Two weeks ago I wrote a blog post arguing that DevOps is not just about culture (which, of course, is at the heart of DevOps) but also about aligning the right tools with the culture. Even though I don’t claim a single prescription for handling DevOps, some felt I implied specific tools to be DevOps tools. I definitely agree with industry thinking that the needs of different organizations are different and no single tool can be offered as a prescription for DevOps. However, I still stand by my argument that one needs to align the right tools with the culture to reap the full benefits of DevOps. Any non-alignment or mis-alignment will lead to more pain instead of helping IT.
Having said that I want to take on the idea that only configuration management tools are the right DevOps tools. In fact, I would go a step further and claim that you need to look beyond basic configuration management tools to fully implement DevOps in your organization. Early discussion on the DevOps focussed on configuration management tools because of the early success of VM based clouds. Also, most of the DevOps punditry came from Ops focussed people. With increasing enterprise adoption of PaaS and with the emergence of Docker as the industry standard for application packaging and portability, it is important for us to broaden the toolkit IT uses to implement DevOps successfully inside their organization.

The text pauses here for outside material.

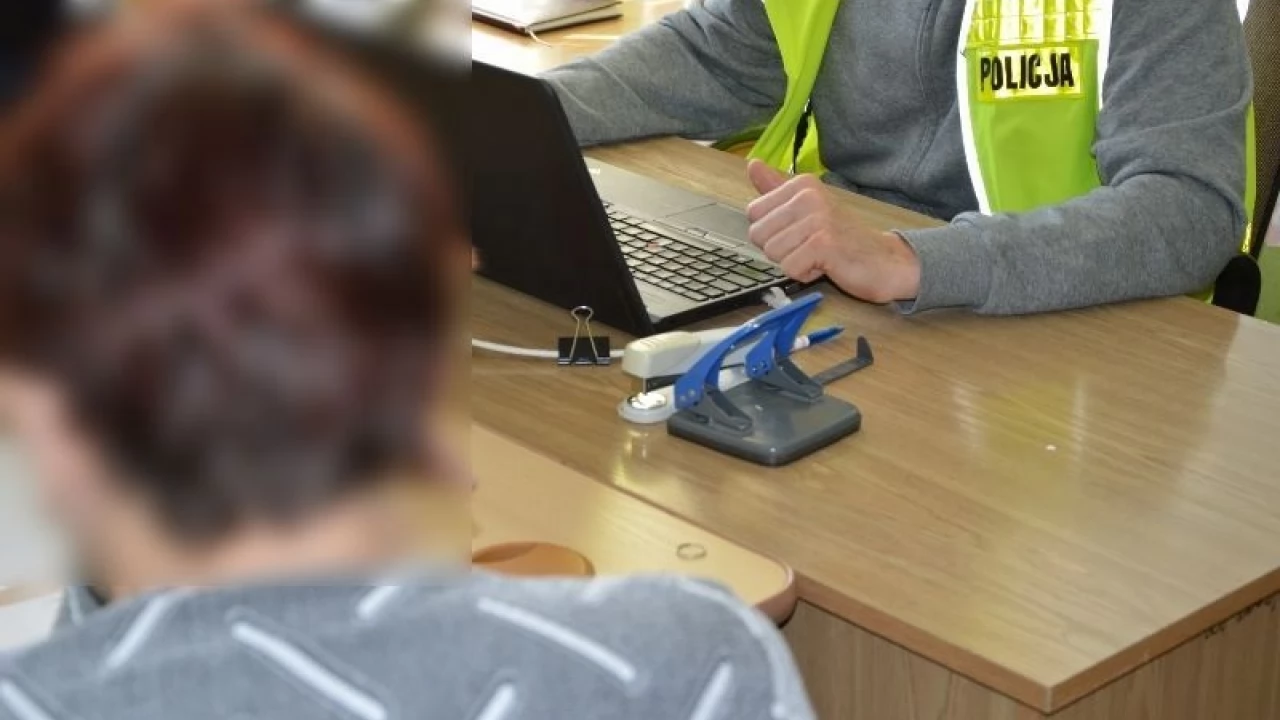 Opiekunka podejrzana o okradanie 80-letniej podopiecznej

Docker and PaaS as enabler of DevOps
Docker is fast emerging as a standard for application containers and an active ecosystem is developing around the open source project. In the InfoQ Virtual Round Table, the moderator asked the panelists about the relationship between PaaS, Containers and DevOps. I gave the following response:
For me, it is pretty simple. PaaS is the enabler of DevOps and Containers are the underlying standardized components
This is exactly the point I want to highlight in this post. We need to look beyond Virtual Machines and Configuration Management tools for planning the DevOps strategy. Before someone pounces on me, let me be clear, I am not saying we should not use configuration management tools. I’m arguing that we look beyond those tools and select the appropriate tools. With Virtual Machines, config management tools helped establish DevOps culture by establishing similar environments from development to production. However, as pointed out in this article, things can go astray or become unnecessarily complex. Any mis-alignment of shared goals due to such factors limits the benefits of DevOps.

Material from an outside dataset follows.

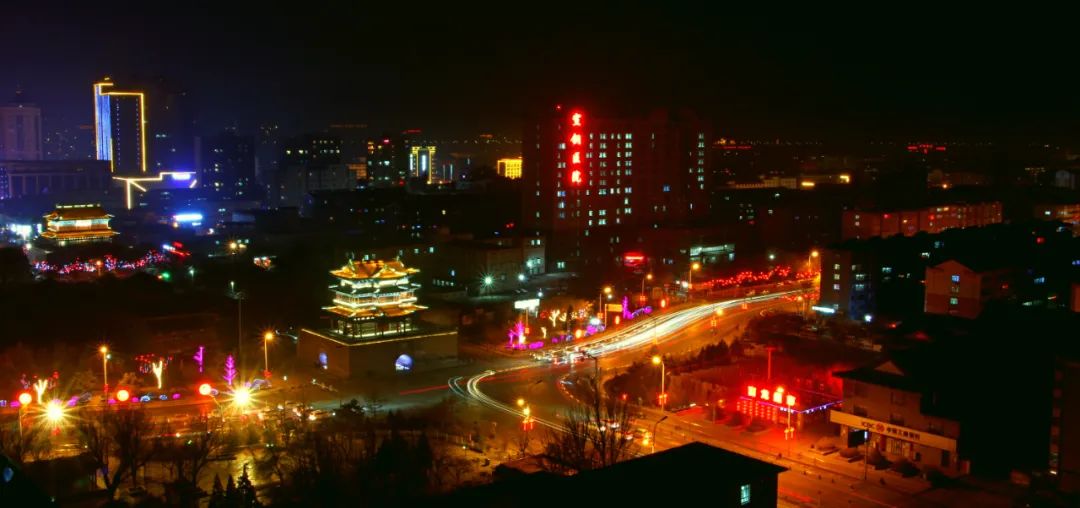 夜太美宣化夜景模式增添浓厚年味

It is easy to replicate environments across development, testing, QA, and production with basic configuration management tools but it becomes unnecessarily complex when you try to manage the lifecycle of the middleware components or the applications using the same tools. I believe it is beneficial to think in terms of “better encapsulation” instead of vanilla virtual machines, like containers. This is where Docker comes into picture with a lightweight open source application container. Docker, along with configuration management tools and PaaS tools, will can emerge as the backbone DevOps strategies. It will do a better job of ensuring consistency across development, testing and production environments without increasing complexity.

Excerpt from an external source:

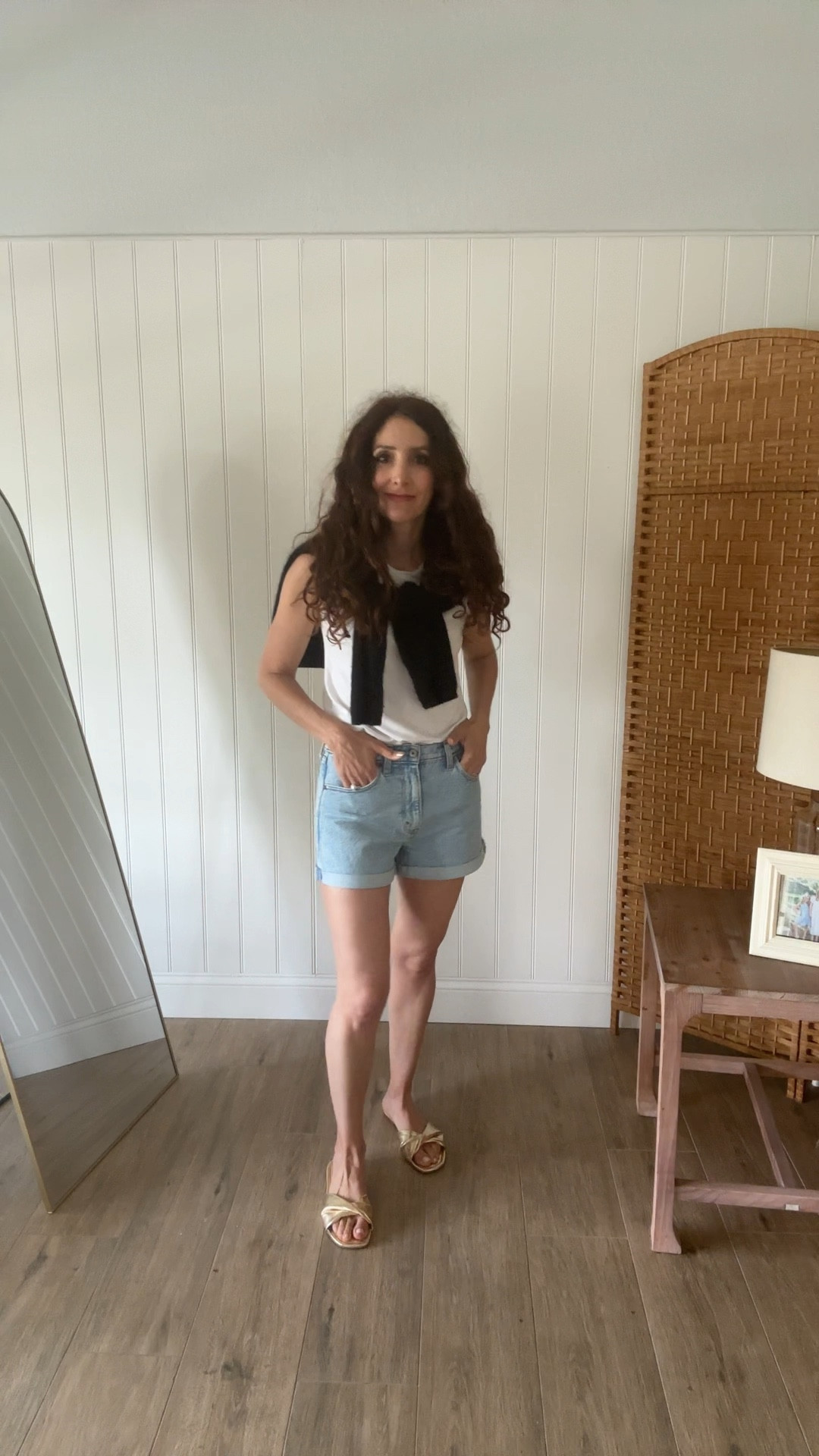 Abercrombie has the cutest shorts right now and they are all on sale!! Love the stretch these have and they run true to size. I'm wearing a 25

This is exactly why I have argued that Modern Enterprises need not be unnecessarily complex. This is exactly why I like it when someone talks about Docker as a framework for DevOps. In short, as you plot your DevOps strategy, broaden your search for tools and consider tools offering higher order abstractions while also enabling seamless collaboration including this one. Fortunately, DevOps doesn’t stop with culture and a few VM-centric tools.